#### What the task asks:
Set each line of the material below down word for word, from the first through the line that holds "map of restaurants, bars, coffee", but not the pictures.

#### Given data:
::::

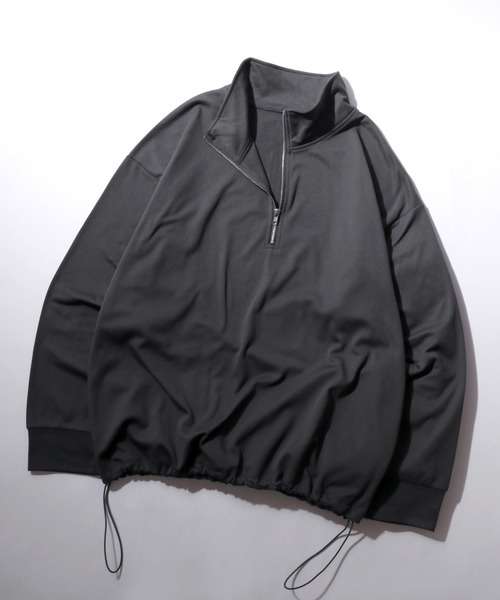 SITRY(シトリー)の「Kersey Fabric Half Zip Sweat Shirt/カルゼ オーバーサイズ ドローコード ハーフジップ 裏起毛 トレーナー スウェット レディース メンズ(スウェット・メンズ・ブラック/ダークグレー/ベージュ・M/L/LL)」の2枚目の写真
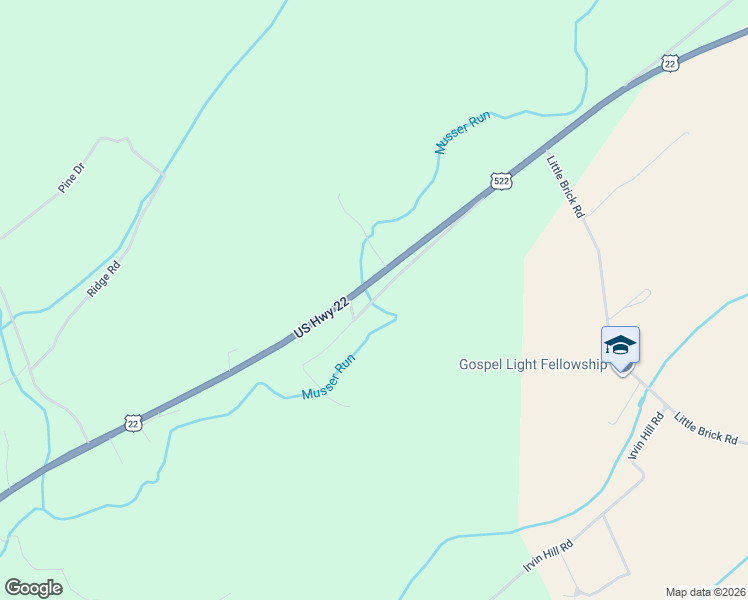 map of restaurants, bars, coffee shops, grocery stores, and more near 76 Old Bridge Road in McVeytown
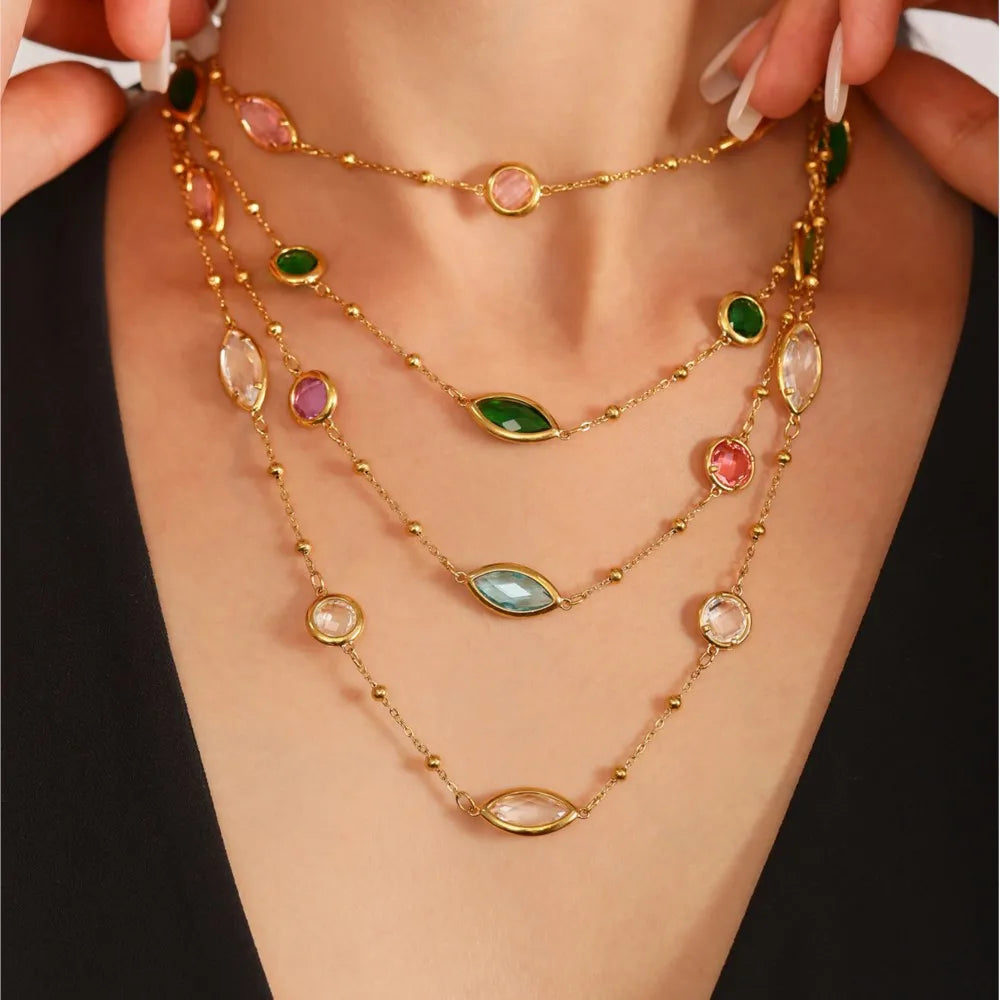 Stainless Steel Chain Necklaces Bracelet For Women 18k Gold Plated With Colorful Faceted Czech Glass Crystal Necklace Bracelets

::::

#### Response box:
 SITRY(シトリー)の「Kersey Fabric Half Zip Sweat Shirt/カルゼ オーバーサイズ ドローコード ハーフジップ 裏起毛 トレーナー スウェット レディース メンズ(スウェット・メンズ・ブラック/ダークグレー/ベージュ・M/L/LL)」の2枚目の写真
 map of restaurants, bars, coffee shops, grocery stores, and more near 76 Old Bridge Road in McVeytown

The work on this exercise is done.